O acordo comercial preliminar entre Estados Unidos e China foi comemorado em todo mundo, mas pode sair caro para o agronegócio brasileiro, um dos grandes beneficiados pela guerra tarifária entre as duas maiores economias mundiais.

Segundo cálculos do instituto de ensino e pesquisa Insper e da consultora britânica Oxford Economics, divulgados pela imprensa local, o impacto pode chegar a US$ 10 bilhões, 5% do valor total das exportações brasileiras em 2019.

“A perda americana com a guerra comercial foi de quase US$ 13 bilhões e, coincidentemente, o acréscimo brasileiro foi de pouco mais de US$ 11 bilhões, vendendo para a China. Portanto, esse número corresponde a essa expectativa”, disse à AFP o professor de Relações Internacionais do Ibmec Marcelo Suano.

O Brasil se tornou um aliado dos Estados Unidos com a chegada de Jair Bolsonaro ao poder em 2019. Mas é um forte concorrente, em especial do agronegócio americano.

No acordo assinado na quarta-feira em Washington, a China, principal parceiro comercial do Brasil, prometeu aumentar sua compra de produtos agrícolas americanos nos próximos dois anos em relação a 2017. Entre eles, estão soja, carne e outros itens importantes da exportação brasileira.

O acordo também pode afetar suas vendas externas de petróleo e algodão.

O comércio exterior representa cerca de 20% do PIB brasileiro.

“Se essa guerra se encerrar realmente, a tendência natural é que países como o Brasil, onde o setor primário, principalmente o agronegócio, é responsável pelo superávit da balança comercial, saiam perdendo”, acrescenta Suano.

– Impacto esperado –

O Ministério da Agricultura “está estudando o impacto” do acordo, explicou à AFP o secretário adjunto de Comércio e Relações Internacionais da pasta, Flavio Campestrin.

“É fato que o Brasil sofrerá maior concorrência. Contudo, esse não é um resultado inesperado.

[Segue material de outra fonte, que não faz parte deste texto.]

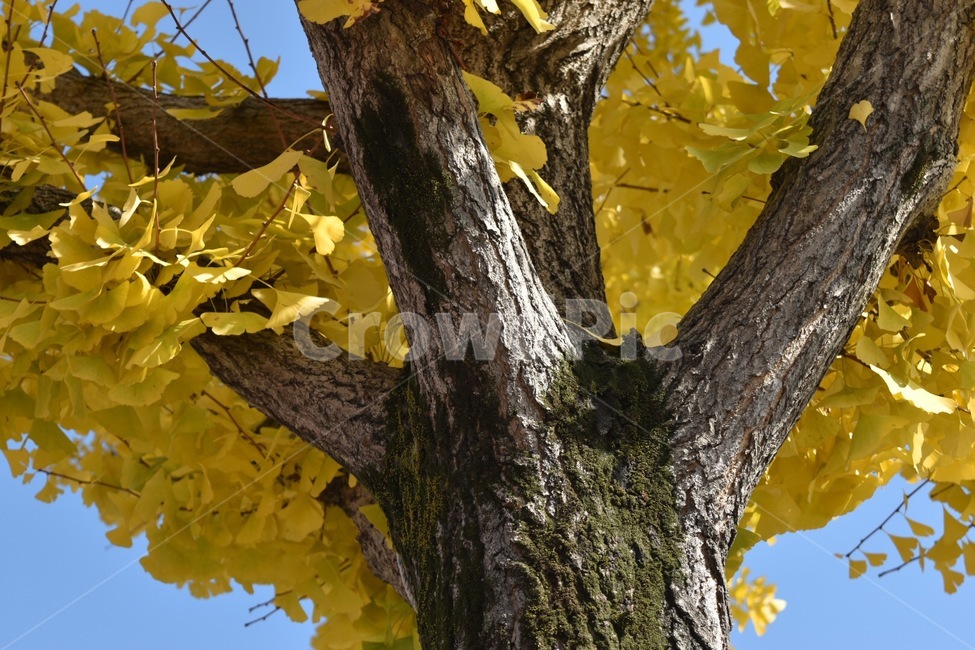 가을,은행,은행잎,노랑,은행나무,가을,계절,fall,autumn,season,식물,자연,plants,nature,나무,trees,wood,tree,plant,tree trunk,나무 줄기,leaf,잎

Temos que ter em mente, ainda, que o impacto sobre os principais produtos exportados pelo Brasil depende não apenas do volume das importações chinesas, mas também da capacidade de incremento da produção americana para efetivamente supri-las”, destacou.

Na semana passada, o secretário substituto de Política Agrícola, Wilson Vaz Araújo, admitiu que o acordo poderia ter um impacto, especialmente na soja, o principal produto de exportação brasileiro. Mas colocou panos quentes sobre o assunto.

“Nós ganhamos nesses anos. Acabamos tendo espaço maior no mercado. Se vamos retroceder um pouco? Pode ser. Mas acredito que o Brasil tem condição de reagir a isso e exportar para outros mercados”, afirmou.

As exportações brasileiras de soja para a China, destinadas à alimentação animal, aumentaram 34% em 2018, mas caíram 24,7% em 2019, devido à peste suína que dizimou as criações destes animais.

Em compensação, houve um aumento de 80% nas exportações de carne bovina, 53% de frango e 101,4% de suínos, segundo o Ministério da Economia.

– Positivo no longo prazo –

Autoridades e analistas concordam em que, a longo prazo, o acordo também beneficia o Brasil, que busca uma abertura comercial.

“Quanto mais equilibrado estiver o cenário internacional, melhor para todos. Tendo um crescimento econômico, o que está em jogo é nossa capacidade de concorrer no mercado internacional. Para isso, temos de fazer uma reconstrução de todos os fatores de produção, algo que poderia ser visto mais positivamente com o apoio dos Estados Unidos para que o Brasil entre na OCDE”, explica Suano.

Com o acordo, a China também se comprometeu a comprar por US$ 78 bilhões adicionais bens manufaturados, incluindo aeronaves. Algo que poderia beneficiar a fabricante brasileira Embraer, cujo setor comercial está em processo de absorção pela Boeing americana.